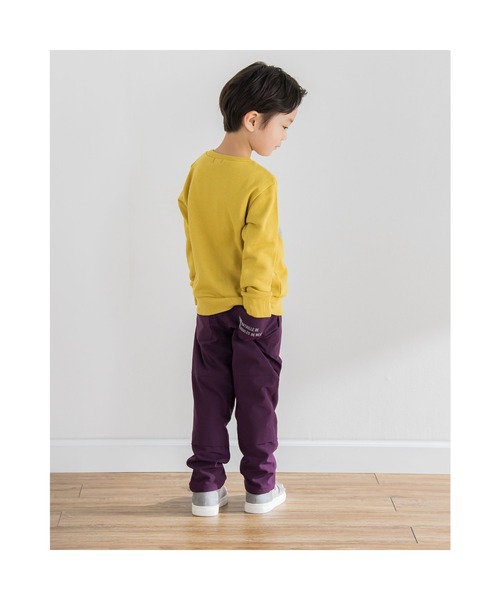 BeBe（ベベ）の「BeBe/ナイロンストレッチ裏ベロアパンツ(90~150cm)（その他パンツ・キッズ・グリーン/パープル・130/100/150/90/140/110/120）」の4枚目の写真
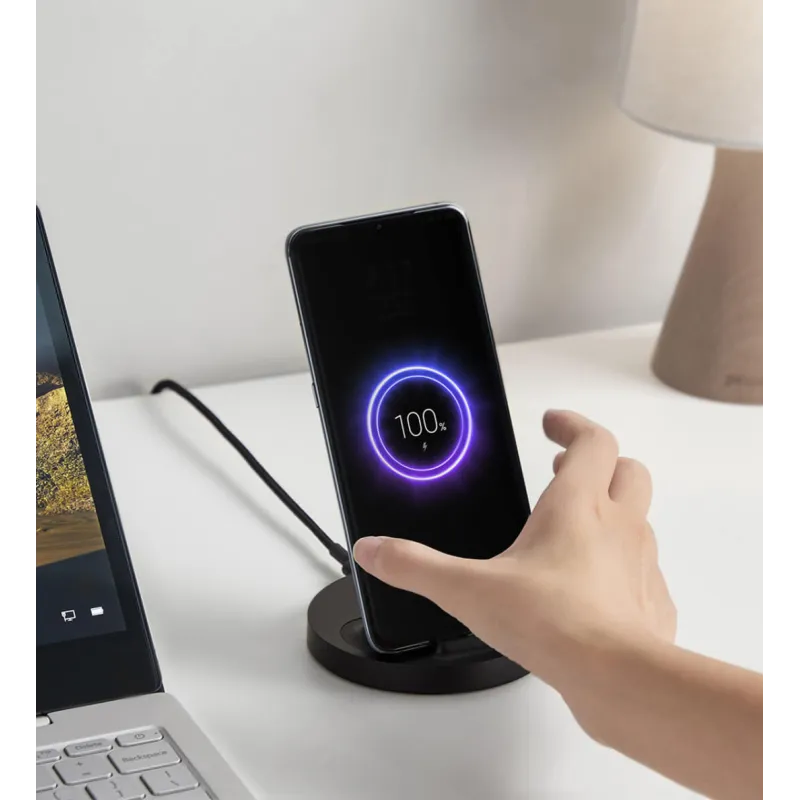 Xiaomi Mi 20W Wireless Charging Stand | Wireless Charger | Induction, Black, WPC02ZM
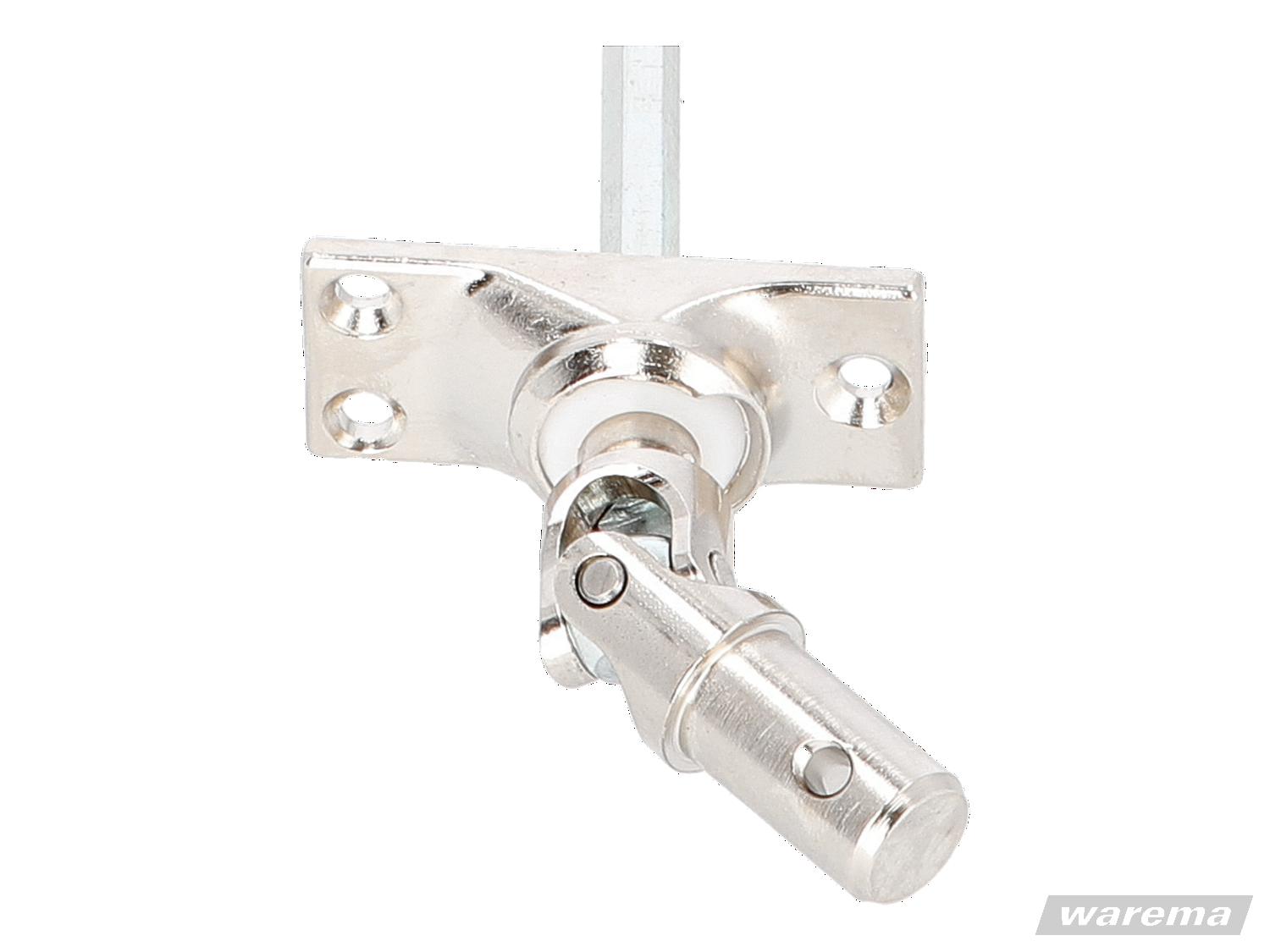 WAREMA • Gelenklager 35 - 54 Grad, mit Zapfen d12,9 mm, 6 mm Sechskant, 300 mm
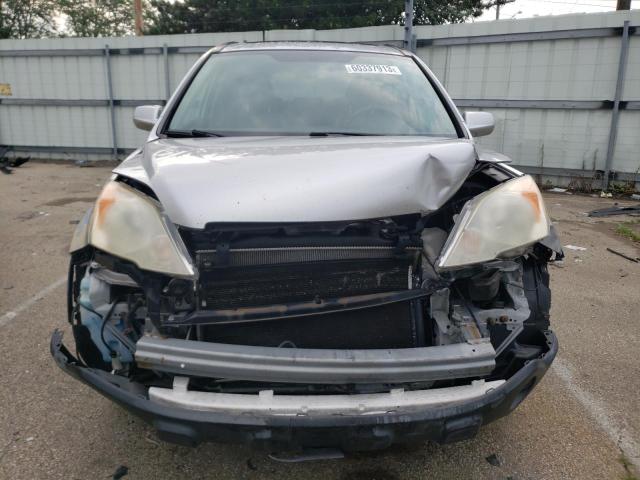 JHLRE38759C012798 - 2009 HONDA CR-V EXL SILVER photo 5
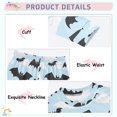 thumbnail image 4 of joogoo Bat and Cloud 2 Piece Long Sleeve Tee and Pants Cotton Pajama Set 4T, 4 of 7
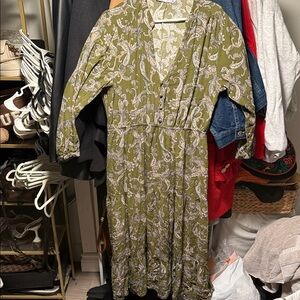 Zara Green Women Dress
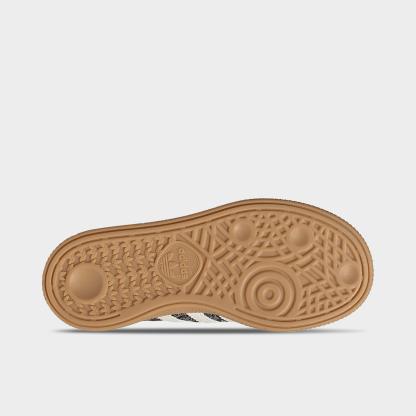 Girls' Little Kids' adidas Originals Handball Spezial Casual Shoes - Equipment Red/Cream White/Gum - Bottom view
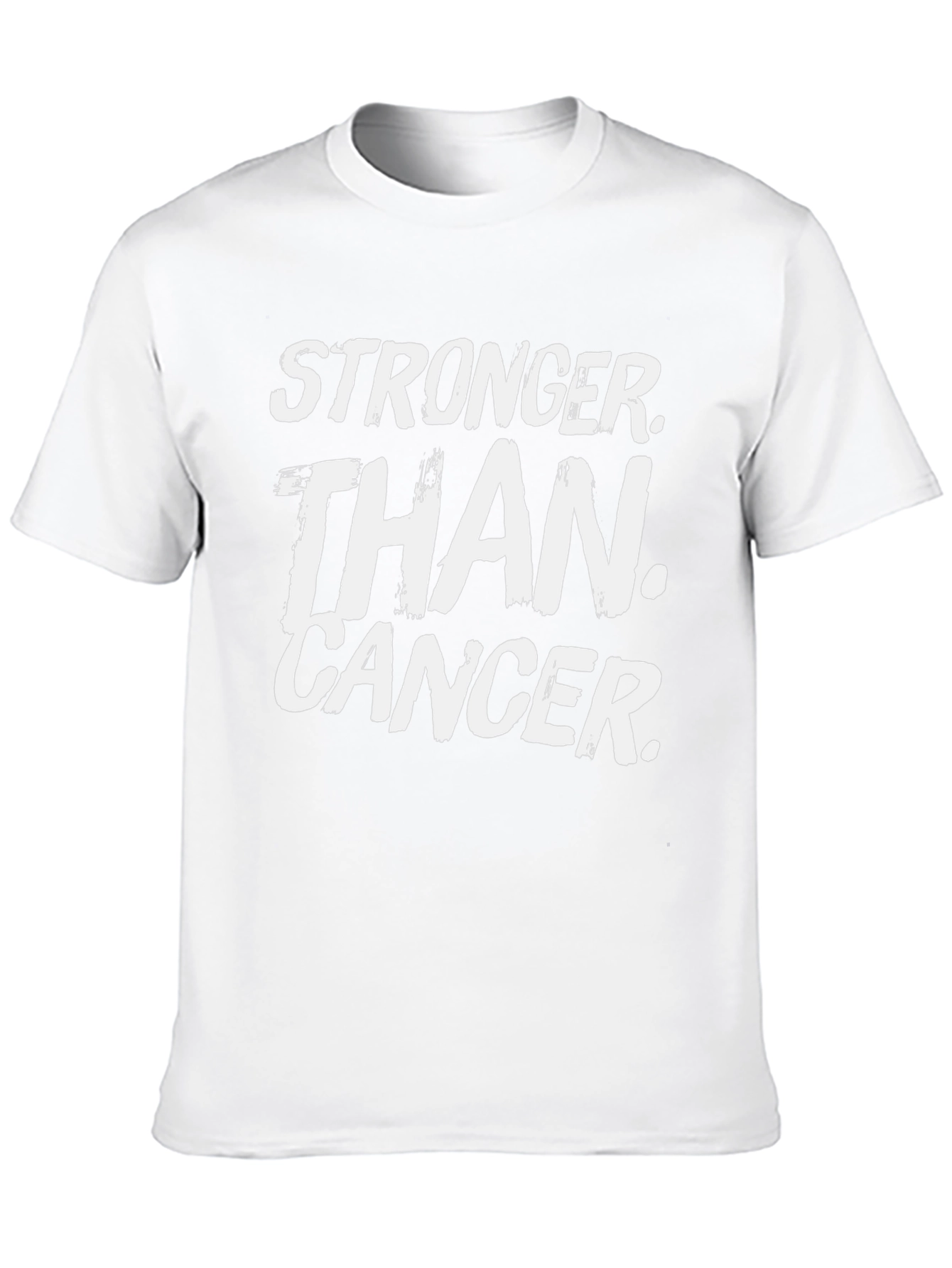 Black Stronger Than Cancer Graphic Tee view 10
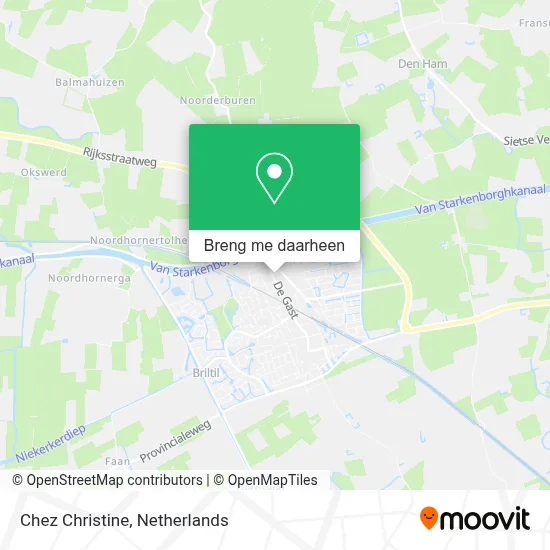 Chez Christine kaart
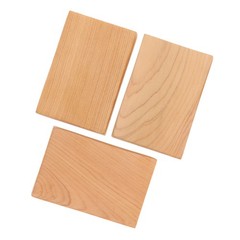 3Pcs Unfinished Yellow Wood Blocks DIY Craft Wood Cutouts Rustic Party Decor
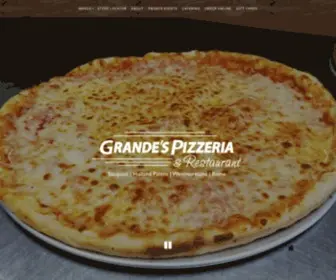 Grandespizzeria.com(Grande's Pizzeria & Restaurant) Screenshot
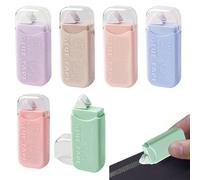 6 PCS Roller Colle Ruban Adhésif Double Face, Colle Scrapbooking, 6mm x 6m Sco-tch Double Face pour DIY Carte, Scrapbooking, Journal, Rouleaux Roller de Colle (1)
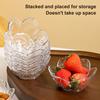 5Pcs Sakura Dipping Sauce Dish PP Condiment Plate for Sushi Hot Pot BBQ BPA-Free Stackable Hot And Cold Sauce Holder Cute Tableware for Home Party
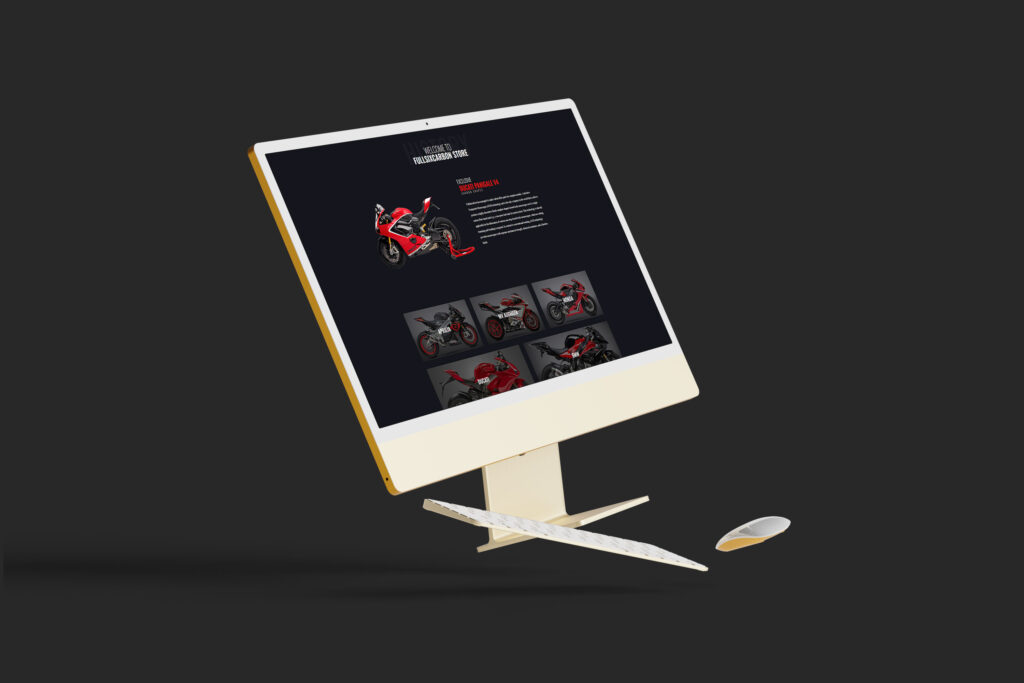 Full Six Carbon - Carbon Fibre Motor Cycle Products - Magento WordPress WooCommerce Website Design and Development - ECommerce Features and Responsive Website Design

**The problem:**
Retype the whole listing exactly. Do not include the pictures.

**Task response:**
 BeBe（ベベ）の「BeBe/ナイロンストレッチ裏ベロアパンツ(90~150cm)（その他パンツ・キッズ・グリーン/パープル・130/100/150/90/140/110/120）」の4枚目の写真
 Xiaomi Mi 20W Wireless Charging Stand | Wireless Charger | Induction, Black, WPC02ZM
 WAREMA • Gelenklager 35 - 54 Grad, mit Zapfen d12,9 mm, 6 mm Sechskant, 300 mm
 JHLRE38759C012798 - 2009 HONDA CR-V EXL SILVER photo 5
 thumbnail image 4 of joogoo Bat and Cloud 2 Piece Long Sleeve Tee and Pants Cotton Pajama Set 4T, 4 of 7
 Zara Green Women Dress
 Girls' Little Kids' adidas Originals Handball Spezial Casual Shoes - Equipment Red/Cream White/Gum - Bottom view
 Black Stronger Than Cancer Graphic Tee view 10
 Chez Christine kaart
 3Pcs Unfinished Yellow Wood Blocks DIY Craft Wood Cutouts Rustic Party Decor
 Grandespizzeria.com(Grande's Pizzeria & Restaurant) Screenshot
 6 PCS Roller Colle Ruban Adhésif Double Face, Colle Scrapbooking, 6mm x 6m Sco-tch Double Face pour DIY Carte, Scrapbooking, Journal, Rouleaux Roller de Colle (1)
 5Pcs Sakura Dipping Sauce Dish PP Condiment Plate for Sushi Hot Pot BBQ BPA-Free Stackable Hot And Cold Sauce Holder Cute Tableware for Home Party
 Full Six Carbon - Carbon Fibre Motor Cycle Products - Magento WordPress WooCommerce Website Design and Development - ECommerce Features and Responsive Website Design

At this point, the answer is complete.